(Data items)
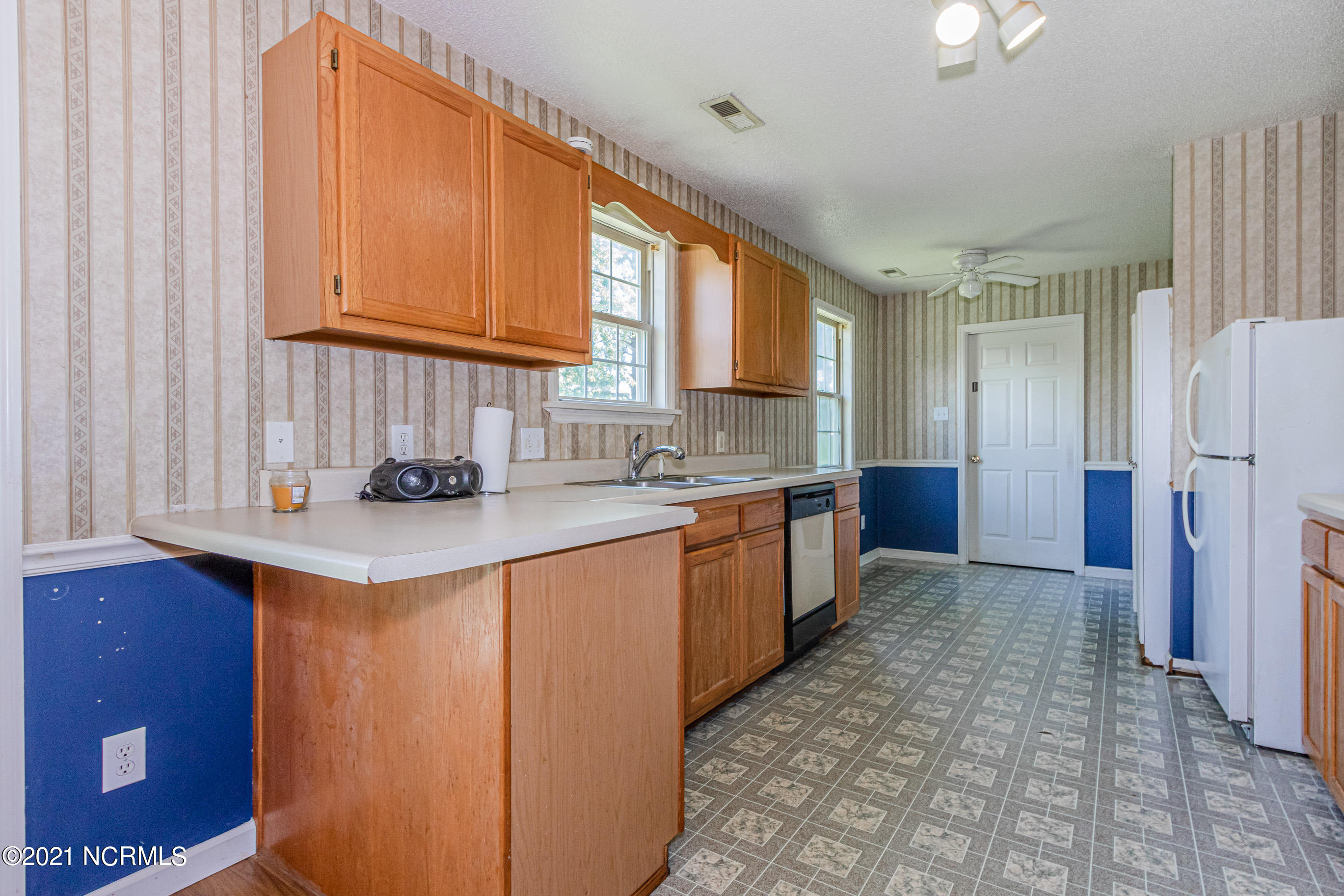 328 Running Road Jacksonville, NC 28546 - Photo 18 of 46 LindaY (1 of 1)-11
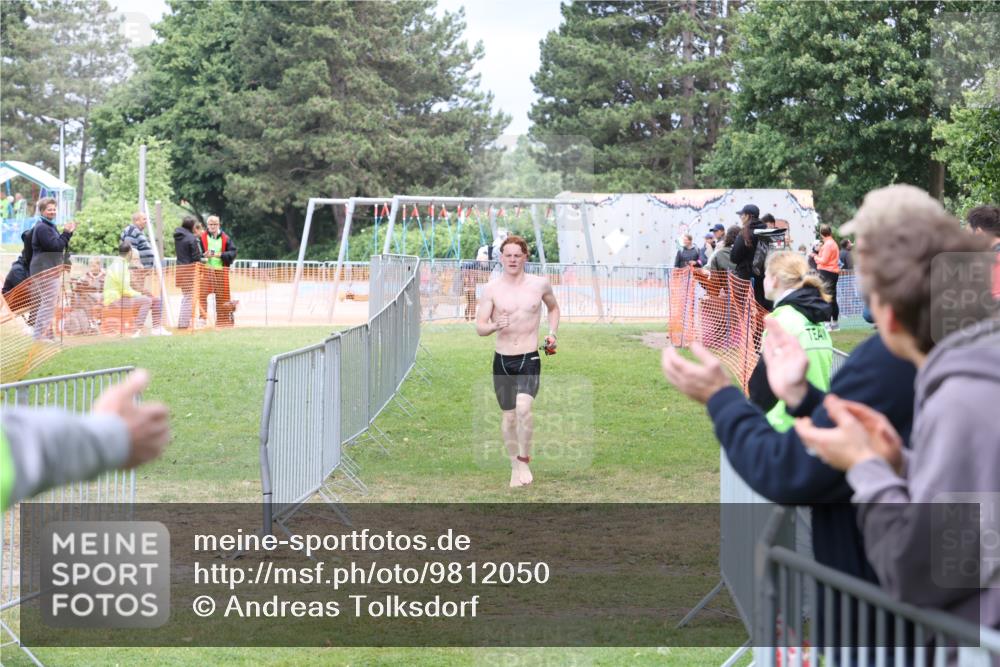 14.06.2026 - 7 Türme Triathlon Andreas Tolksdorf http://msf.ph/oto/9812050 14.06.2026 11:26:54 Schwimmen  meine-sportfotos.de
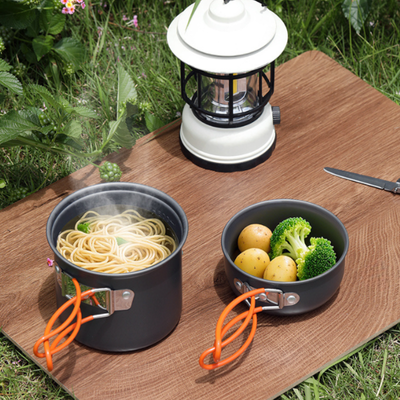 Nesting camping pots and pans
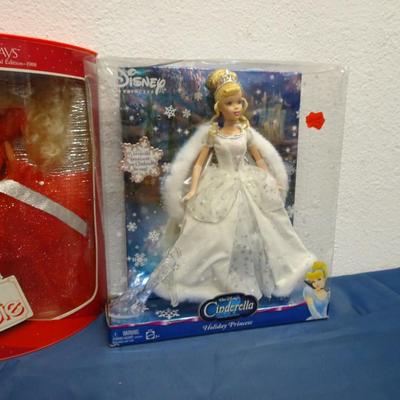 LOT 64. BARBIE DOLLS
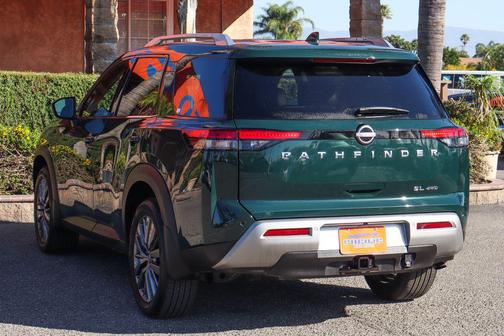 2025 Nissan Pathfinder SL 4WD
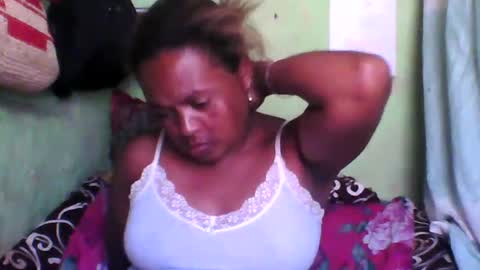 Snapshot of carinesexy69 chatting on 12.12.24 carinesexy69 online show from 12.12.24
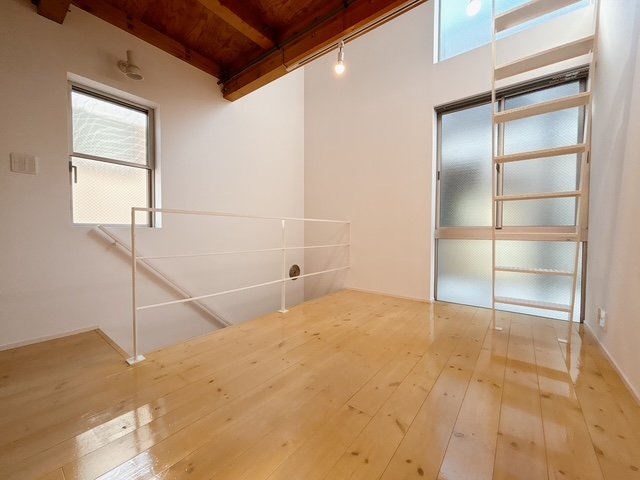 【居間・リビング】 | バイカーズアパートメント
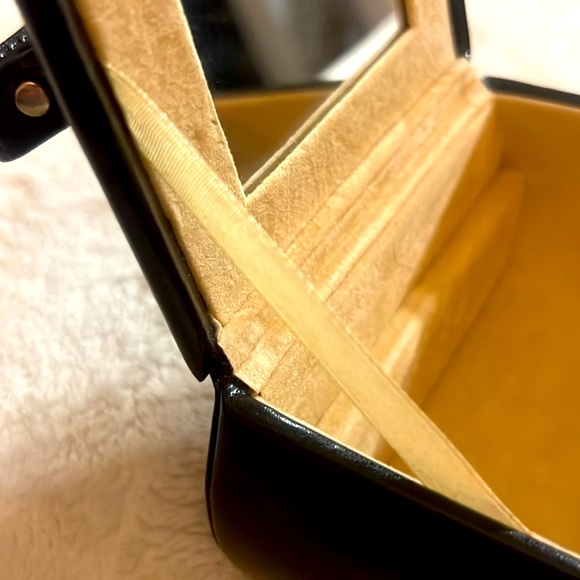 BUY NOW🖤🖤🩶GENUIN LEATHER JEWELRY BOX WITH MIROR 🩶🖤🖤 - Picture 9 of 12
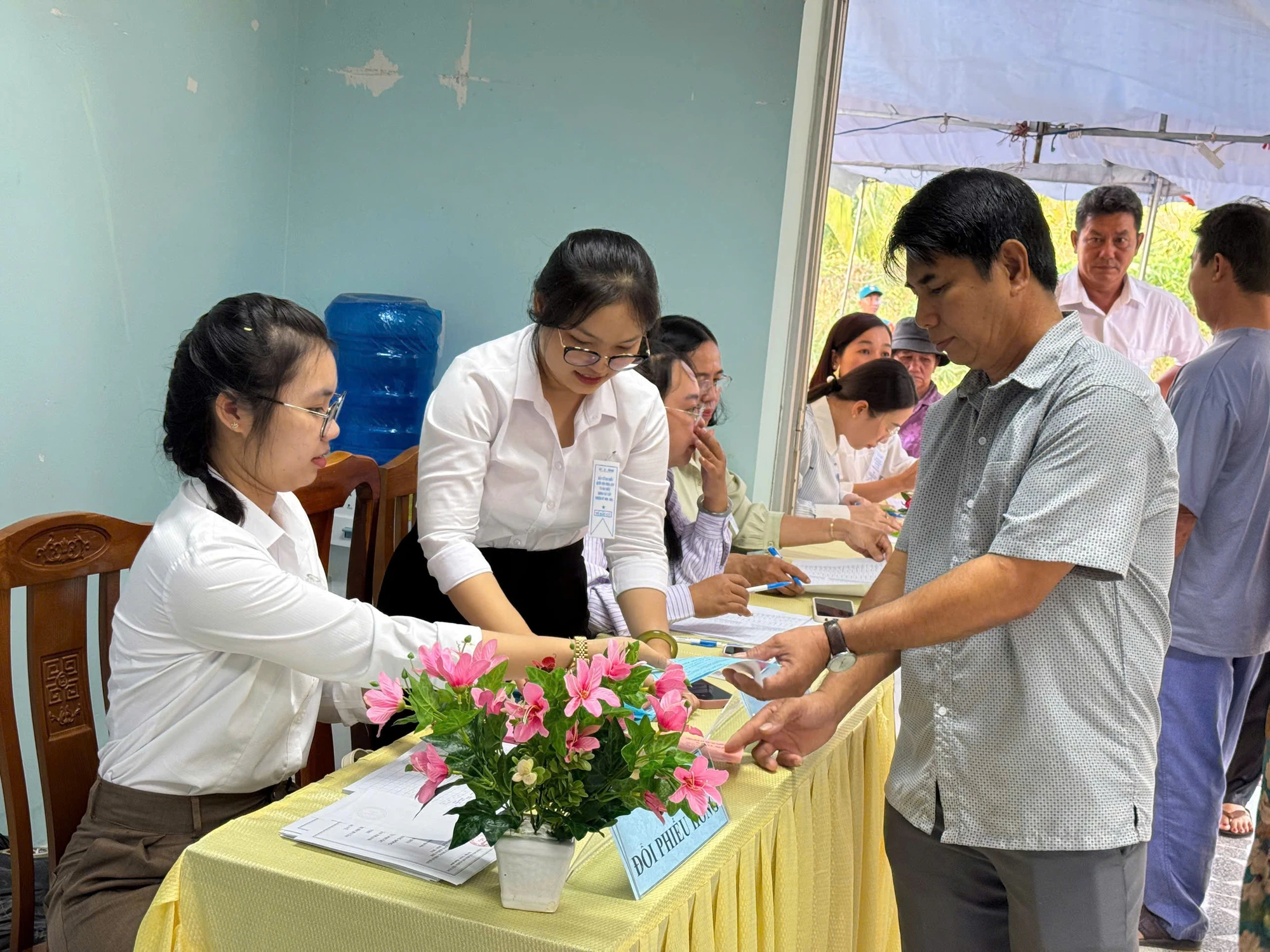cu-tri-4-xa-o-khu-vuc-can-gio-day-som-di-bau-cu-no-nuc-tham-gia-ngay-hoi-non-song-8.jpg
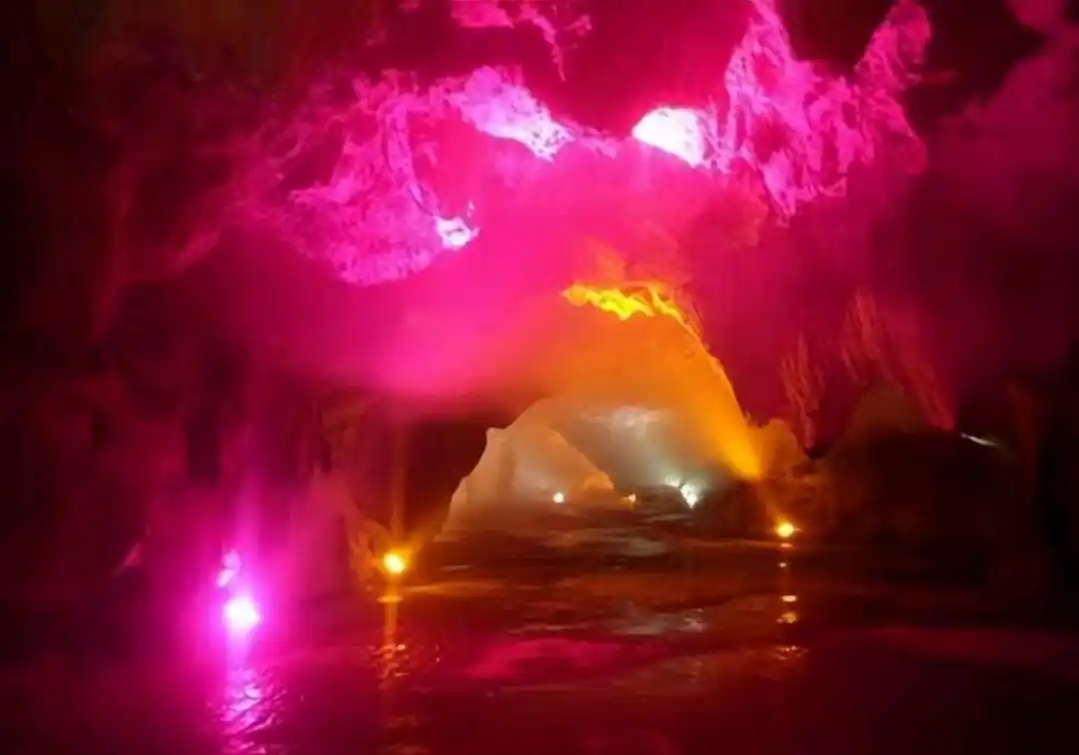 北碚天府溶洞旅游攻略_武隆芙蓉洞攻略_重庆溶洞旅游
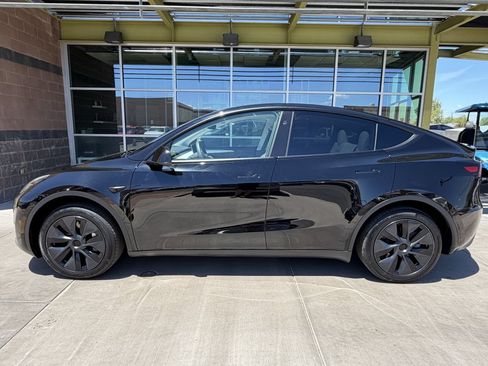 Used 2024 Tesla Model Y 2WD image 7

INSTRUCTIONS TO FOLLOW: Beginning with the line containing "Nesting camping pots and pans" and ending with the last line of the data, output those lines exactly and nothing more. Omit every picture.

RESPONSE BOX:
 Nesting camping pots and pans
 LOT 64. BARBIE DOLLS
 2025 Nissan Pathfinder SL 4WD
 Snapshot of carinesexy69 chatting on 12.12.24 carinesexy69 online show from 12.12.24
 【居間・リビング】 | バイカーズアパートメント
 BUY NOW🖤🖤🩶GENUIN LEATHER JEWELRY BOX WITH MIROR 🩶🖤🖤 - Picture 9 of 12
cu-tri-4-xa-o-khu-vuc-can-gio-day-som-di-bau-cu-no-nuc-tham-gia-ngay-hoi-non-song-8.jpg
 北碚天府溶洞旅游攻略_武隆芙蓉洞攻略_重庆溶洞旅游
 Used 2024 Tesla Model Y 2WD image 7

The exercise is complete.